_REQUIRED WORK_
Lines from the one with "Zabawy ruchowe dzieci z grupy żabek (5)" up to and including the one with "Apartamento San Juan." are to be copied exactly from the records below, without their pictures.

_MATERIAL SUPPLIED_
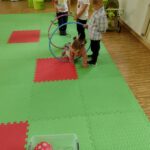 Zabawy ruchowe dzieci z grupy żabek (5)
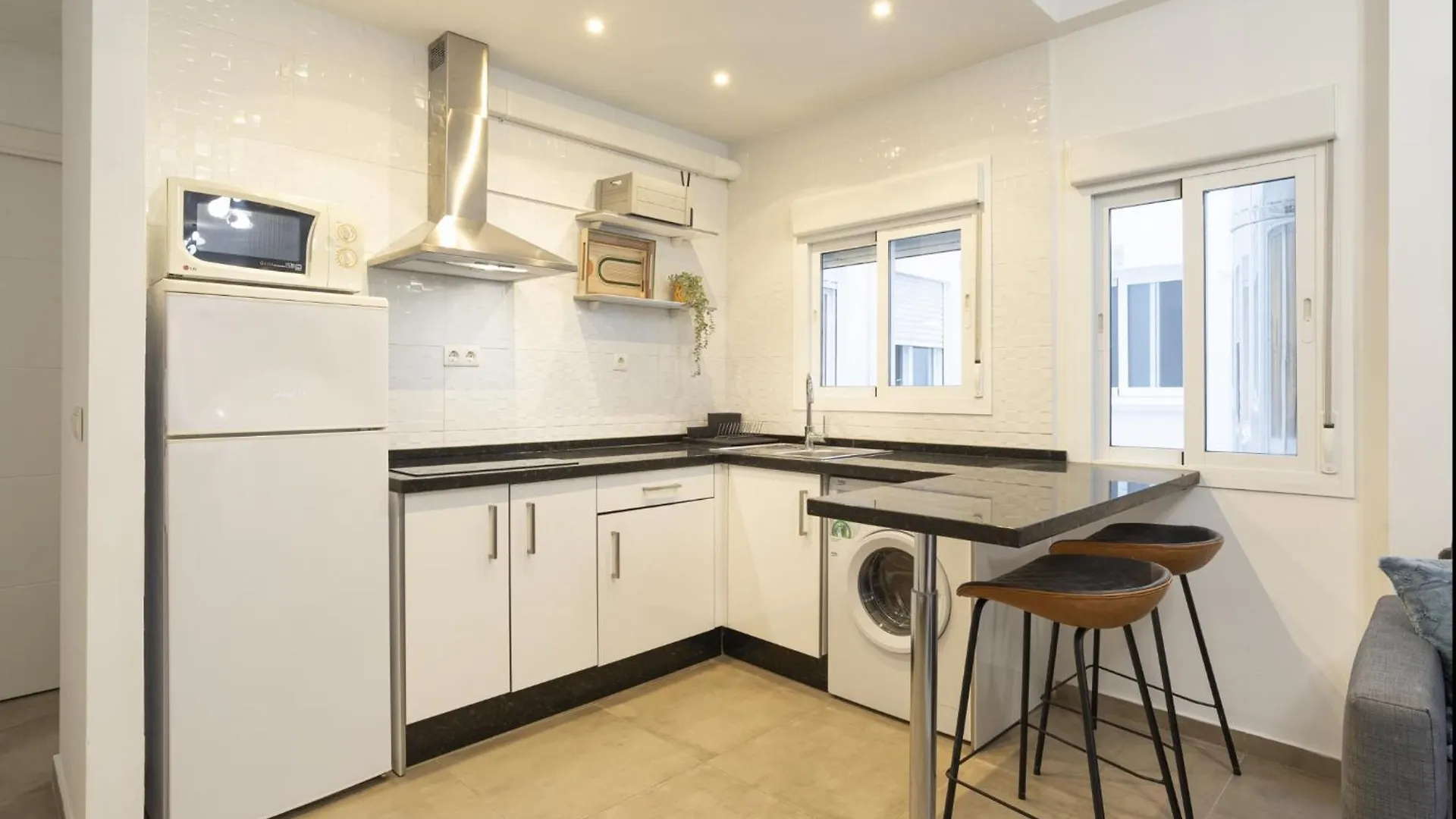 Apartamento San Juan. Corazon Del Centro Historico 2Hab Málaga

...

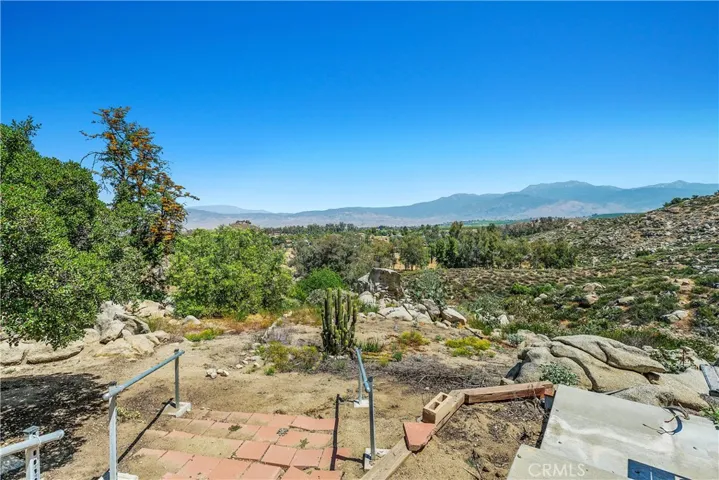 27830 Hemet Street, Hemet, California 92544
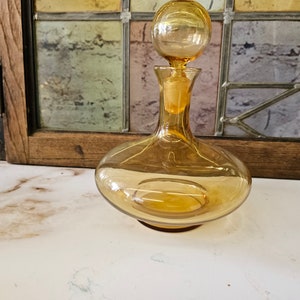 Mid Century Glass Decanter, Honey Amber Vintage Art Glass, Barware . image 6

* * *

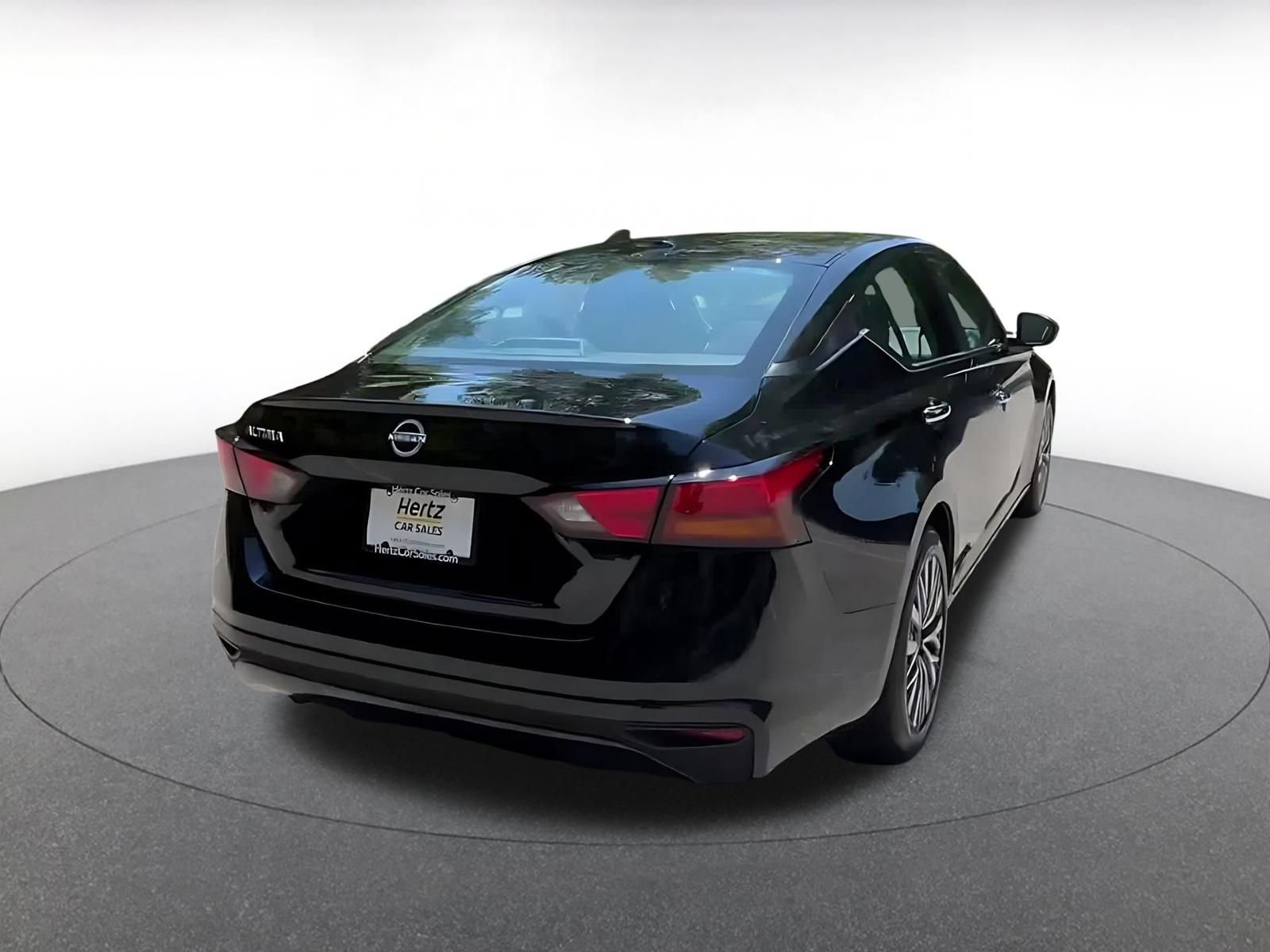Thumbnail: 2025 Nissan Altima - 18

_FINISHED EXERCISE_
 Zabawy ruchowe dzieci z grupy żabek (5)
 Apartamento San Juan. Corazon Del Centro Historico 2Hab Málaga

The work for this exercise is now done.